Kontrakt na amerykański indeks S&P500 rośnie o 1,44%, na niemiecki DAX o +2%, a w Azji indeks Shanghai Composite wzrósł o 3,22%, gdzie dodatkowo pojawiły się plotki o tym, że miały tam robić zakupy akcji fundusze powiązane władzami. Notowania baryłki Brent pną się w górę o +2,5% do 29,27 USD, WTI zwyżkuje o +0,8% do 29,66. Z kolei cena rudy żelaza podniosła się o 3,75%, a miedzi o 3,24%. Jakie zatem pojawiły się dane, które doprowadziły do takiej sytuacji na rynkach?
PKB Chin w ujęciu rocznym wzrósł o 6,8% wobec prognozy na poziomie 6,9%, co jest najniższą dynamiką od połowy 2009 roku. Tymczasem w ujęciu kwartalnym zmiana PKB wyniosła 1,6%, co również było odczytem poniżej rynkowego konsensusu, kształtującego się na poziomie 1,8%. Produkcja przemysłowa także nie zachwyciła i rosła w grudniu w ujęciu r/r o 5,9% (konsensus 6,0%).
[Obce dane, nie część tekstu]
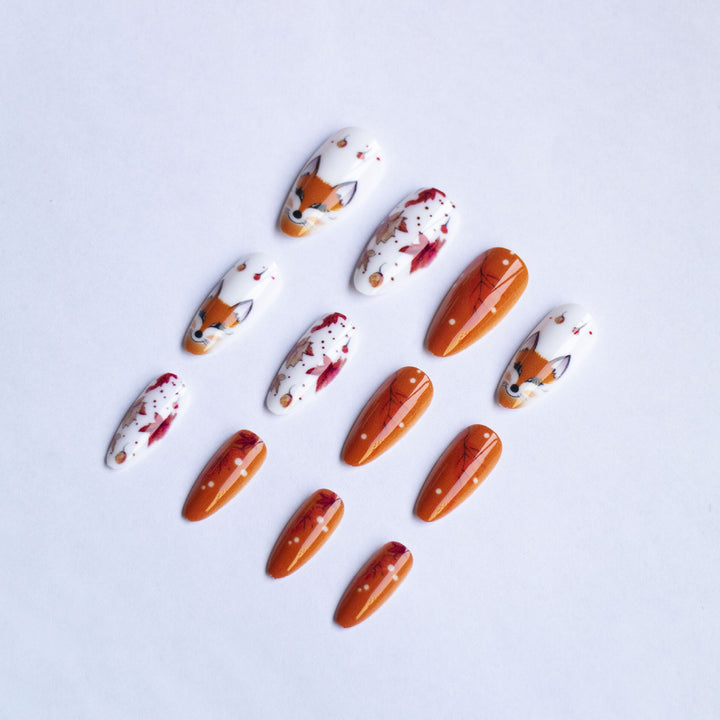 Fox-Themed Artistic Nail Art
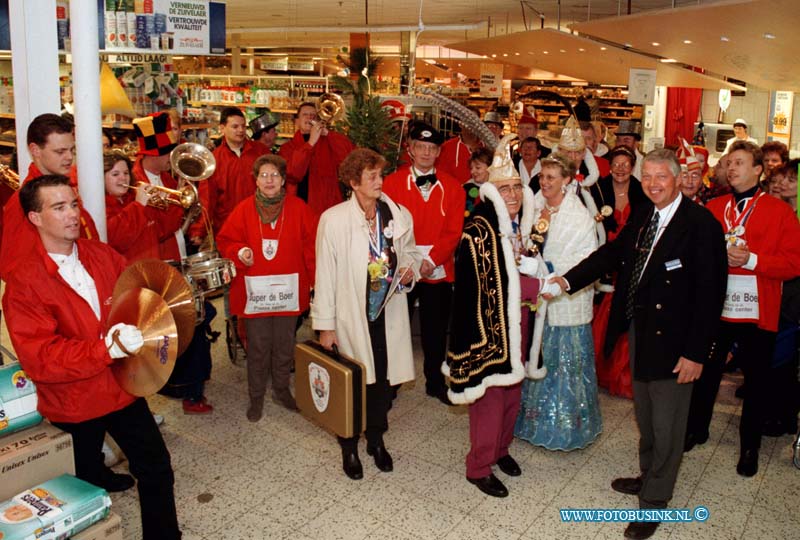 99021101.jpg - DE DORDTENAAR :GORINCHEM:11-02-1999:50 BOERENKIELEN OVERHANDIGT AAN CARNAVLS VERENEGINGDeze digitale foto blijft eigendom van FOTOPERSBURO BUSINK. Wij hanteren de voorwaarden van het N.V.F. en N.V.J. Gebruik van deze foto impliceert dat u bekend bent  en akkoord gaat met deze voorwaarden bij publicatie.EB/ETIENNE BUSINK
Według niektórych opinii przytaczanych przez agencję Bloomberg pozytywna reakcja rynków wynika nie tylko z oczekiwań na wprowadzenie kolejnych działań stymulujących gospodarkę, ale także z tego, że inwestorzy spodziewali się jeszcze gorszych publikacji, niż te, które zobaczyliśmy.
Notowania pary USDJPY pną się w górę o +0,4%, EURUSD zniżkuje o -0,17, a najwięcej zyskują dziś waluty surowcowe. Dolar kanadyjski umacnia się o +0,61% względem dolara amerykańskiego, dolar australijski ulega aprecjacji o +0,5% wobec USD, czemu także sprzyja wcześniej opisywane odbicie w cenach rudy żelaza.
Z kolei na rynku złotego obserwujemy ograniczoną zmienność i nasza waluta pozostaje relatywnie stabilna po ostatnich wydarzeniach. Za dolara należy zapłacić 4,08, za euro 4,44, za funta 5,84, a za franka 4,05 złotego.
Podczas dzisiejszej sesji zaplanowany jest odczyt inflacji z Wielkiej Brytanii (10:30), strefy euro (11:00) oraz Nowej Zelandii (22:45).